**Exercise directions:**
Set down the full listing exactly, character for character.

**Dataset excerpts:**
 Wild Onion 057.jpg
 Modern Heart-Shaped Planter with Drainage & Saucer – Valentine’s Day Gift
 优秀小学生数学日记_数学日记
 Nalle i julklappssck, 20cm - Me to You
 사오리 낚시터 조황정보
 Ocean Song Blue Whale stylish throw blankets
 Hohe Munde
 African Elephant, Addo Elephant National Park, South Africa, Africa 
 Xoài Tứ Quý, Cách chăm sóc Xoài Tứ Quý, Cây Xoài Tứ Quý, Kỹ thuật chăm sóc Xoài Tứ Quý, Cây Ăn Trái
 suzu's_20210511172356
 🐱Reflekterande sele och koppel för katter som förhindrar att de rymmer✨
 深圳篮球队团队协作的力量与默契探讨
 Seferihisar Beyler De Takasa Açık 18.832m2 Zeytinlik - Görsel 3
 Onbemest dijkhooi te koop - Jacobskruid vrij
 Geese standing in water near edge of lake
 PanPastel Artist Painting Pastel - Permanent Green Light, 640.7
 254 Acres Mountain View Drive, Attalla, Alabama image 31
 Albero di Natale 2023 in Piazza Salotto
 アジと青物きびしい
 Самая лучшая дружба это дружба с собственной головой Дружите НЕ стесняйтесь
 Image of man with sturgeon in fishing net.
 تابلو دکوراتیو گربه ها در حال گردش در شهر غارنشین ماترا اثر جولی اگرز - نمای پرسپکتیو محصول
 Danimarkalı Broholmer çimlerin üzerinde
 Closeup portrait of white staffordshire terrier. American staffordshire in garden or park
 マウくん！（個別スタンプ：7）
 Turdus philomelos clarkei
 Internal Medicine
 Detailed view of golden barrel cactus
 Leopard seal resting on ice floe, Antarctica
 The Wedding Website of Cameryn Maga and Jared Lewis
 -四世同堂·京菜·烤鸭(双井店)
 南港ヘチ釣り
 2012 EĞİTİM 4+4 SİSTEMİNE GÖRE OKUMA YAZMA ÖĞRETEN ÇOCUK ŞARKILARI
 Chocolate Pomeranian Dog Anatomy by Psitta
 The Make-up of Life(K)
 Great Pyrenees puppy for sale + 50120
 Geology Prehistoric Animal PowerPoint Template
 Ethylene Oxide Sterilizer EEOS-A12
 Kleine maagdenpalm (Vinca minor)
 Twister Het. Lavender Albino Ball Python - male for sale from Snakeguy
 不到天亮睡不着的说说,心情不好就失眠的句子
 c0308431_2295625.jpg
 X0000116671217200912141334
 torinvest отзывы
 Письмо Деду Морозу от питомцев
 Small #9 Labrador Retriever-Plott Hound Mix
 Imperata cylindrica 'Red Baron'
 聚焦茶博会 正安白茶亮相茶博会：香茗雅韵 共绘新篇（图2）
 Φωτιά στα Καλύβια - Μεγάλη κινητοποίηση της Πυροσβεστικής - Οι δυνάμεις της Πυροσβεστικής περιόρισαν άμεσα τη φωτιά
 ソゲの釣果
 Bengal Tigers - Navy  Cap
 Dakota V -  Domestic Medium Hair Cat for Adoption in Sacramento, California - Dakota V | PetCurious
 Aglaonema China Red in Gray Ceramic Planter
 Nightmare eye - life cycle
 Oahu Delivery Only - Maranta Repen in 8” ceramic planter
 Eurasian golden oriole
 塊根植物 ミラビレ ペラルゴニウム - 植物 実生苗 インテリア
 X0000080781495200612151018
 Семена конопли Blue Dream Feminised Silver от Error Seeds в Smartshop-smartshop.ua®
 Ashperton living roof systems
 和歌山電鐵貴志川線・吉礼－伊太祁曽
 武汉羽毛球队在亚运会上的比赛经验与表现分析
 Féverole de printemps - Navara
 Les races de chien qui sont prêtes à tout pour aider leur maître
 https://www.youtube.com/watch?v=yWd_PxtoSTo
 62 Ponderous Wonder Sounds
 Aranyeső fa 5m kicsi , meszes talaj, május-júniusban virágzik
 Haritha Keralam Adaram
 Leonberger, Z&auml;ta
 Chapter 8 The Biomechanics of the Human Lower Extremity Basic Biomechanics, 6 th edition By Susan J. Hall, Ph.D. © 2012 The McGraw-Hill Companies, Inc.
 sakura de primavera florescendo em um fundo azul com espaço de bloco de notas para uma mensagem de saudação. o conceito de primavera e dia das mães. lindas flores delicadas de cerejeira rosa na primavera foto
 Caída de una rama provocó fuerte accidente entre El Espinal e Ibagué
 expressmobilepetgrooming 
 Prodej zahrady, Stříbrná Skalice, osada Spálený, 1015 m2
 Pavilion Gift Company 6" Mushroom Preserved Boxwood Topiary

**Response for this exercise:**
 Wild Onion 057.jpg
 Modern Heart-Shaped Planter with Drainage & Saucer – Valentine’s Day Gift
 优秀小学生数学日记_数学日记
 Nalle i julklappssck, 20cm - Me to You
 사오리 낚시터 조황정보
 Ocean Song Blue Whale stylish throw blankets
 Hohe Munde
 African Elephant, Addo Elephant National Park, South Africa, Africa 
 Xoài Tứ Quý, Cách chăm sóc Xoài Tứ Quý, Cây Xoài Tứ Quý, Kỹ thuật chăm sóc Xoài Tứ Quý, Cây Ăn Trái
 suzu's_20210511172356
 🐱Reflekterande sele och koppel för katter som förhindrar att de rymmer✨
 深圳篮球队团队协作的力量与默契探讨
 Seferihisar Beyler De Takasa Açık 18.832m2 Zeytinlik - Görsel 3
 Onbemest dijkhooi te koop - Jacobskruid vrij
 Geese standing in water near edge of lake
 PanPastel Artist Painting Pastel - Permanent Green Light, 640.7
 254 Acres Mountain View Drive, Attalla, Alabama image 31
 Albero di Natale 2023 in Piazza Salotto
 アジと青物きびしい
 Самая лучшая дружба это дружба с собственной головой Дружите НЕ стесняйтесь
 Image of man with sturgeon in fishing net.
 تابلو دکوراتیو گربه ها در حال گردش در شهر غارنشین ماترا اثر جولی اگرز - نمای پرسپکتیو محصول
 Danimarkalı Broholmer çimlerin üzerinde
 Closeup portrait of white staffordshire terrier. American staffordshire in garden or park
 マウくん！（個別スタンプ：7）
 Turdus philomelos clarkei
 Internal Medicine
 Detailed view of golden barrel cactus
 Leopard seal resting on ice floe, Antarctica
 The Wedding Website of Cameryn Maga and Jared Lewis
 -四世同堂·京菜·烤鸭(双井店)
 南港ヘチ釣り
 2012 EĞİTİM 4+4 SİSTEMİNE GÖRE OKUMA YAZMA ÖĞRETEN ÇOCUK ŞARKILARI
 Chocolate Pomeranian Dog Anatomy by Psitta
 The Make-up of Life(K)
 Great Pyrenees puppy for sale + 50120
 Geology Prehistoric Animal PowerPoint Template
 Ethylene Oxide Sterilizer EEOS-A12
 Kleine maagdenpalm (Vinca minor)
 Twister Het. Lavender Albino Ball Python - male for sale from Snakeguy
 不到天亮睡不着的说说,心情不好就失眠的句子
 c0308431_2295625.jpg
 X0000116671217200912141334
 torinvest отзывы
 Письмо Деду Морозу от питомцев
 Small #9 Labrador Retriever-Plott Hound Mix
 Imperata cylindrica 'Red Baron'
 聚焦茶博会 正安白茶亮相茶博会：香茗雅韵 共绘新篇（图2）
 Φωτιά στα Καλύβια - Μεγάλη κινητοποίηση της Πυροσβεστικής - Οι δυνάμεις της Πυροσβεστικής περιόρισαν άμεσα τη φωτιά
 ソゲの釣果
 Bengal Tigers - Navy  Cap
 Dakota V -  Domestic Medium Hair Cat for Adoption in Sacramento, California - Dakota V | PetCurious
 Aglaonema China Red in Gray Ceramic Planter
 Nightmare eye - life cycle
 Oahu Delivery Only - Maranta Repen in 8” ceramic planter
 Eurasian golden oriole
 塊根植物 ミラビレ ペラルゴニウム - 植物 実生苗 インテリア
 X0000080781495200612151018
 Семена конопли Blue Dream Feminised Silver от Error Seeds в Smartshop-smartshop.ua®
 Ashperton living roof systems
 和歌山電鐵貴志川線・吉礼－伊太祁曽
 武汉羽毛球队在亚运会上的比赛经验与表现分析
 Féverole de printemps - Navara
 Les races de chien qui sont prêtes à tout pour aider leur maître
 https://www.youtube.com/watch?v=yWd_PxtoSTo
 62 Ponderous Wonder Sounds
 Aranyeső fa 5m kicsi , meszes talaj, május-júniusban virágzik
 Haritha Keralam Adaram
 Leonberger, Z&auml;ta
 Chapter 8 The Biomechanics of the Human Lower Extremity Basic Biomechanics, 6 th edition By Susan J. Hall, Ph.D. © 2012 The McGraw-Hill Companies, Inc.
 sakura de primavera florescendo em um fundo azul com espaço de bloco de notas para uma mensagem de saudação. o conceito de primavera e dia das mães. lindas flores delicadas de cerejeira rosa na primavera foto
 Caída de una rama provocó fuerte accidente entre El Espinal e Ibagué
 expressmobilepetgrooming 
 Prodej zahrady, Stříbrná Skalice, osada Spálený, 1015 m2
 Pavilion Gift Company 6" Mushroom Preserved Boxwood Topiary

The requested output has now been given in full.